- [ABOUT THIS EXERCISE]: This exercise calls for the data below to be retyped exactly, minus any images.

- [DATA BELOW]:
•••
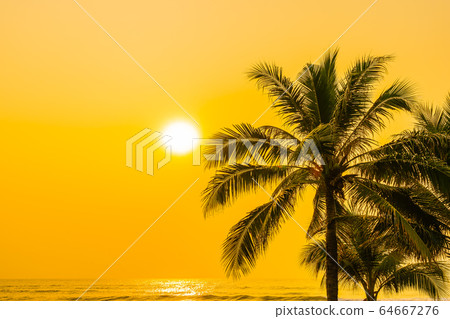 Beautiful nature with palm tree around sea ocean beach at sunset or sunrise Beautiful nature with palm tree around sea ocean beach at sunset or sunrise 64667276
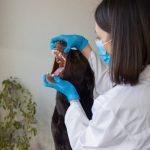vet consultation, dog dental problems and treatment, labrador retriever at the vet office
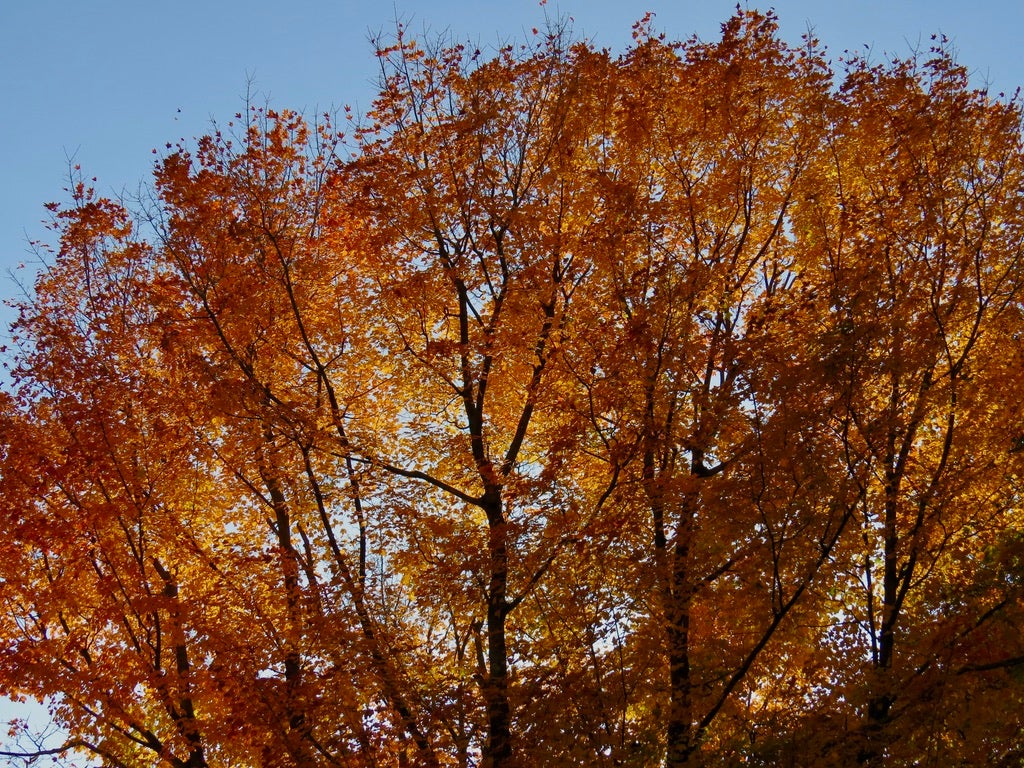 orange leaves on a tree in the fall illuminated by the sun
•••
- [SOLUTION TO THIS EXERCISE]:
 Beautiful nature with palm tree around sea ocean beach at sunset or sunrise Beautiful nature with palm tree around sea ocean beach at sunset or sunrise 64667276
vet consultation, dog dental problems and treatment, labrador retriever at the vet office
 orange leaves on a tree in the fall illuminated by the sun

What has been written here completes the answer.